Uh, I use it for demos that I do for things that, uh, I find helpful. So, I don’t know. Maybe you will too. I don’t know. If you don’t, go do something else with your life. I don’t care that much. Um, but, what I found is every time I wanted to use this thing on a, uh, on an instance with a good chunk of memory, it would be, it was slow. Terribly, dreadfully, painfully slow. If we look at the execution plan, uh, we see that it took about 2 minutes and 44 seconds to run.

And, uh, who could wait that long for anything? Uh, and it made, uh, certain demos very difficult to do live or even to, like, sort of do off-the-cuff recording. I would have to, like, pre-stage everything so that it would be set up here. So, we were just, like, like, sitting around waiting for this and awkwardly staring at the camera.
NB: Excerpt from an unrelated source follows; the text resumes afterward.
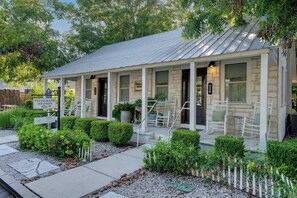 A two-story building with a covered porch, stone walls, and a sign indicating a telegraph station. - Telegraph Station #1, Downtown, Pet friendly! (New Braunfels)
Or, like, doing a cut scene or a montage, lifting weights in my short shorts, running on a beach, karate-kicking seagulls, whatever. Uh, but, I mean, just, you know, kind of, like, digging through the execution plan. Again, very helpfully looking at the operator times under these things, right?

So, we no longer have to care about percentages because, I mean, not that they meant anything anyway. Shut up, car. But, it was helpful, it’s much more helpful to sort of, like, follow the yellow brick road of operator times to when things sort of drop off and pick up.

So, kind of framing this a little bit, we have this nested loops join that hits 2.15. And we have this concatenation that is at 0.001. And down here, we have this table spool, which takes a minute and 36 seconds.

Prior to that table spool, we do some nonsense where we hit this view, sysalloc units. And, uh, I’m mispronouncing that would have been deadly. Uh, and this one down here, sys.buffer descriptors.

And we sort of join those together. And then we spend a bunch of time in the spool and a bunch of time in this nested loops join. And this, and the spool, of course, is trying to save us some trouble with the nested loops join.

It’s like, oh, I don’t know how repetitive this stuff is going to be. I don’t know if I want to do everything down here over and over again. I’m going to use a spool to cache some information and reuse it if I can.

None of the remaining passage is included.